• **DATA EXTRACTS**
---

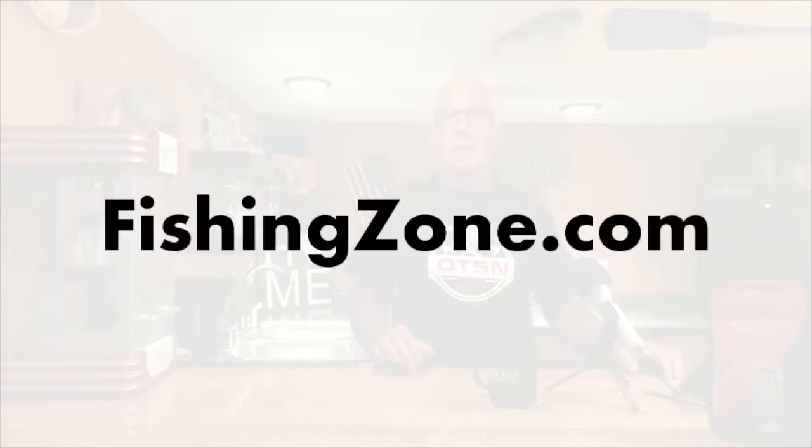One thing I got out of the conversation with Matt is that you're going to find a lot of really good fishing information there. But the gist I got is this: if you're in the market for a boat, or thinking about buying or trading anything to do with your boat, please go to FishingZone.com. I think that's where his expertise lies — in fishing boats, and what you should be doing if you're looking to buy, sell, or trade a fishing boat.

---

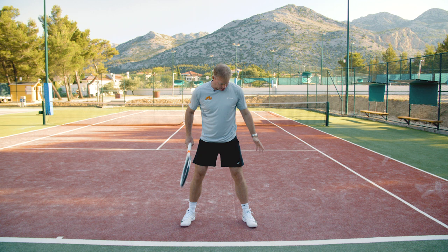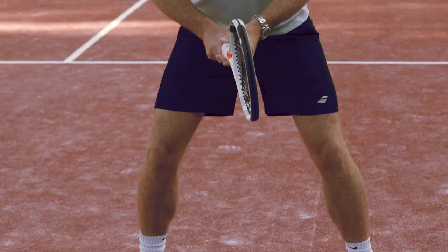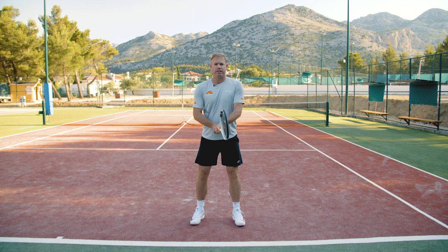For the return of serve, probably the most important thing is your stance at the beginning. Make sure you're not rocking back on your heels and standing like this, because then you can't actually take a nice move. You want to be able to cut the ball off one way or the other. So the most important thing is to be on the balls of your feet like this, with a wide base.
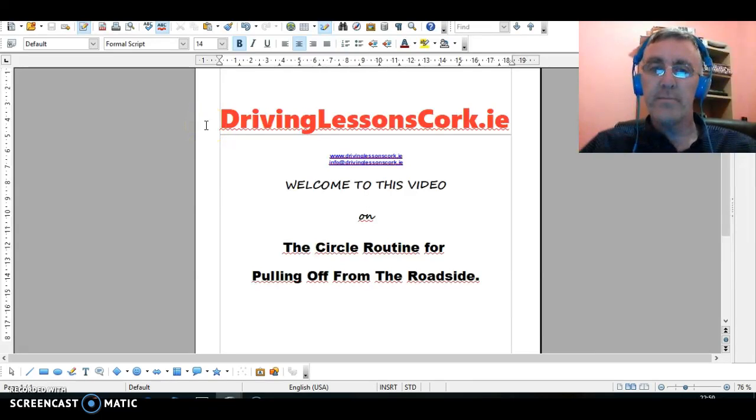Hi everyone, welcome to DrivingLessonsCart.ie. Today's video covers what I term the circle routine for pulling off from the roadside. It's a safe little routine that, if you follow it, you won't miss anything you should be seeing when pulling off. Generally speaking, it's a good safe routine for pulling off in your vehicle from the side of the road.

---

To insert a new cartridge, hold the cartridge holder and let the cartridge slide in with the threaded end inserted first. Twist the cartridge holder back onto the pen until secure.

---

• **YOUR TASK**
An exact copy is needed. It runs from the line above containing "For the return" down to the line containing "Hi everyone, welcome", both included, with no pictures.

• **EXPECTED OUTPUT**
For the return of serve, probably the most important thing is your stance at the beginning. Make sure you're not rocking back on your heels and standing like this, because then you can't actually take a nice move. You want to be able to cut the ball off one way or the other. So the most important thing is to be on the balls of your feet like this, with a wide base.
Hi everyone, welcome to DrivingLessonsCart.ie. Today's video covers what I term the circle routine for pulling off from the roadside. It's a safe little routine that, if you follow it, you won't miss anything you should be seeing when pulling off. Generally speaking, it's a good safe routine for pulling off in your vehicle from the side of the road.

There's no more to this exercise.